When it comes to reheating pigs in a blanket, the big question is: how many times can you reheat them before they get soggy or unsafe to eat? Based on my experience, I would say 2-3 times max. Here are some tips to keep in mind:
- The USDA recommends reheating leftovers to an internal temperature of 165 °F to kill any bacteria before eating. I use a food thermometer to check that the filling reaches this temperature. As long as you reheat them thoroughly each time, pigs in a blanket can be reheated twice while still tasting great. A third time is pushing it, in my opinion. 
- The microwave can make pigs in a blanket soggy by steaming them. I prefer to reheat them in the oven at 350 °F for 10-15 minutes until the filling is hot all the way through. You can also reheat on the stovetop over medium heat, turning occasionally, for about the same time.

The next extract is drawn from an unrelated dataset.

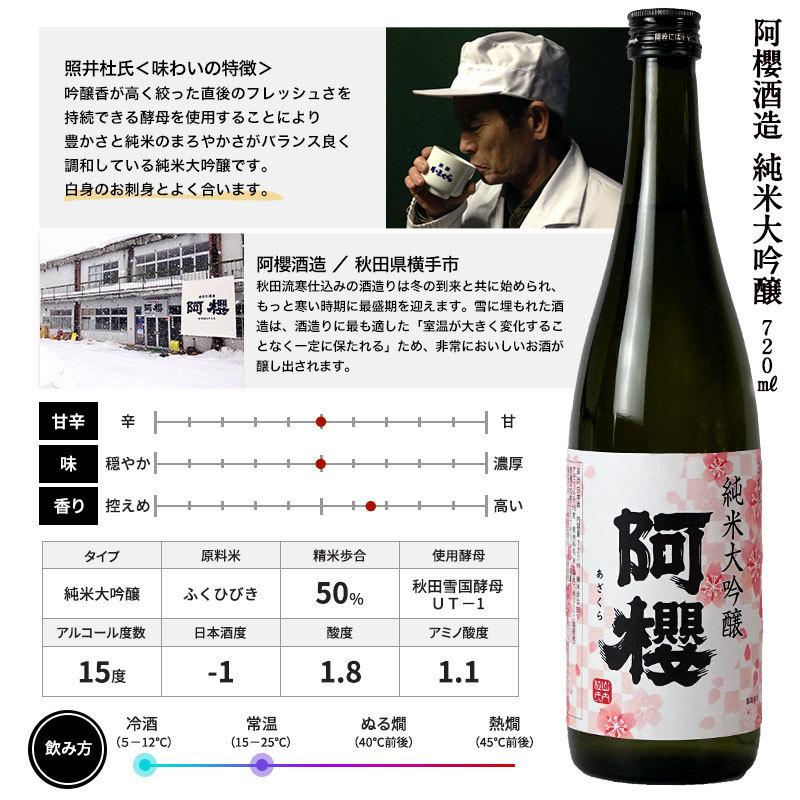 日本酒 厳選6酒蔵の純米大吟醸酒 飲み比べ720ml 6本組セット 送料無料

- Whether reheating in the oven or on the stovetop, cover the pigs in a blanket with foil to help them retain moisture. But remove the foil for the last few minutes of reheating to allow the pastry to get nicely browned again.
- For the best quality, I recommend eating any leftover pigs in a blanket within 2-3 days. You can reheat them a couple of times if stored properly in the refrigerator, but afterward, it’s best to discard them. Freezing pigs in a blanket can make the pastry soggy once reheated.
Ultimately, while pigs in a blanket can be reheated a couple of times and still taste great, it’s best to enjoy them fresh the first time. But with these tips, any leftovers you do have can be reheated safely and still be delicious.
How to Keep Them Warm Without Getting Soggy?
The biggest challenge when reheating pigs in a blanket is keeping them warm without getting the pastry soggy.
While the microwave may seem convenient, it will turn your pigs in a blanket into mushy messes. The oven is the only way to reheat while maintaining a crisp pastry.
Before putting the pigs in a blanket in the oven, brush them with a bit of beaten egg or melted butter. This will create a protective coating and help the pastry get nicely browned as it reheats. You only need a thin layer, so don’t overdo it.
Cover the baking sheet tightly with foil before putting it in the oven. This will help the pastry stay soft as it heats through. Remove the foil during the last 1 to 2 minutes of baking to brown the pastry.
Lastly, it is essential to keep a close eye on your pastries as they reheat and check on them frequently. Given how quickly they can go from perfectly warmed to overdone, every minute counts. Be ready to remove them from the oven as soon as the filling is hot and the pastry is browned.
Following these tips will ensure that your reheated pigs in a blanket are as crispy and delicious as the first time. Enjoy!